**Problem to solve:** Please tally the lines of the listing that follows where the word "image" appears, and reply with the number only.

**Entries provided:**
★ ★ ★ ★

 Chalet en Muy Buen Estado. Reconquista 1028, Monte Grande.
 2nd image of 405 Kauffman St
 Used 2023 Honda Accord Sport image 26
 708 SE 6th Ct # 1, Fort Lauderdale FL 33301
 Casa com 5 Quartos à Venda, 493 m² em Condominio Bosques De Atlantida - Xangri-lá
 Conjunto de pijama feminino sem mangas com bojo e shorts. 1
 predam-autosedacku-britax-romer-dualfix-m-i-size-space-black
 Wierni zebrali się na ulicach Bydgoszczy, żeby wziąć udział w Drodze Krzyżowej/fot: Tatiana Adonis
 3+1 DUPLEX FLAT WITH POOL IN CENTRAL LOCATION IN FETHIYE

★ ★ ★ ★

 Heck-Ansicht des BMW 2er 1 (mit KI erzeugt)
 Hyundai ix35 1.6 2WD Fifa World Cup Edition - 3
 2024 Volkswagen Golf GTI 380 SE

★ ★ ★ ★

**Output for this task:** 2